Output from model generation.

class ModelOutput(BaseModel)

Attributes

model str: Model used for generation.
choices list[ChatCompletionChoice]: Completion choices.
usage ModelUsage | None: Model token usage
time float | None: Time elapsed (in seconds) for call to generate.
metadata dict[str, Any] | None: Additional metadata associated with model output.
error str | None: Error message in the case of content moderation refusals.
stop_reason StopReason: First message stop reason.
message ChatMessageAssistant: First message choice.
completion str: Text of first message choice text.

Methods

from_content

Create ModelOutput from simple text content.

@staticmethod
def from_content(
    model: str,
    content: str,
    stop_reason: StopReason = "stop",
    error: str | None = None,
) -> "ModelOutput"

model str: Model name.
content str: Text content from generation.
stop_reason StopReason: Stop reason for generation.
error str | None: Error message.

for_tool_call

Returns a ModelOutput for requesting a tool call.

@staticmethod
def for_tool_call(
    model: str,
    tool_name: str,
    tool_arguments: dict[str, Any],
    tool_call_id: str | None = None,
    content: str | None = None,
) -> "ModelOutput"

model str: model name
tool_name str: The name of the tool.
tool_arguments dict[str, Any]: The arguments passed to the tool.
tool_call_id str | None: Optional ID for the tool call. Defaults to a random UUID.
content str | None: Optional content to include in the message.
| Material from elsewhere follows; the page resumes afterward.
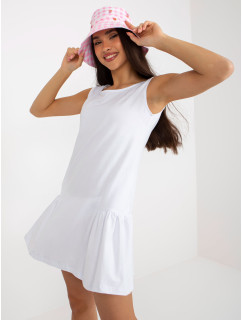 Základní bílé mini šaty bez rukávů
Defaults to “tool call for tool {tool_name}”.

ModelUsage

Token usage for completion.

class ModelUsage(BaseModel)

Attributes

input_tokens int: Total input tokens used.
output_tokens int: Total output tokens used.
total_tokens int: Total tokens used.
input_tokens_cache_write int | None: Number of tokens written to the cache.
input_tokens_cache_read int | None: Number of tokens retrieved from the cache.

StopReason

Reason that the model stopped or failed to generate.

StopReason = Literal[
    "stop",
    "max_tokens",
    "model_length",
    "tool_calls",
    "content_filter",
    "unknown",
]

ChatCompletionChoice

Choice generated for completion.

class ChatCompletionChoice(BaseModel)

Attributes

message ChatMessageAssistant: Assistant message.
stop_reason StopReason: Reason that the model stopped generating.
logprobs Logprobs | None: Logprobs.

Messages

ChatMessage

Message in a chat conversation

ChatMessage = Union[
    ChatMessageSystem, ChatMessageUser, ChatMessageAssistant, ChatMessageTool
]

ChatMessageBase

Base class for chat messages.

class ChatMessageBase(BaseModel)

Attributes

role Literal['system', 'user', 'assistant', 'tool']

Conversation role

content str | list[Content]

Content (simple string or list of content objects)

source Literal['input', 'generate'] | None

Source of message.

text str

Get the text content of this message.

ChatMessage content is very general and can contain either a simple text value or a list of content parts (each of which can either be text or an image). Solvers (e.g. for prompt engineering) often need to interact with chat messages with the assumption that they are a simple string. The text property returns either the plain str content, or if the content is a list of text and images, the text items concatenated together (separated by newline)

ChatMessageSystem

System chat message.

class ChatMessageSystem(ChatMessageBase)

Attributes

role Literal['system']: Conversation role.

ChatMessageUser

User chat message.

class ChatMessageUser(ChatMessageBase)

Attributes

role Literal['user']: Conversation role.
tool_call_id list[str] | None: ID(s) of tool call(s) this message has the content payload for.

ChatMessageAssistant

Assistant chat message.

class ChatMessageAssistant(ChatMessageBase)

Attributes

role Literal['assistant']: Conversation role.
tool_calls list[ToolCall] | None: Tool calls made by the model.
reasoning str | None: Reasoning content.

ChatMessageTool

Tool chat message.

class ChatMessageTool(ChatMessageBase)

Attributes

role Literal['tool']: Conversation role.
tool_call_id str | None: ID of tool call.
function str | None: Name of function called.
error ToolCallError | None: Error which occurred during tool call.

Content

Content

Content sent to or received from a model.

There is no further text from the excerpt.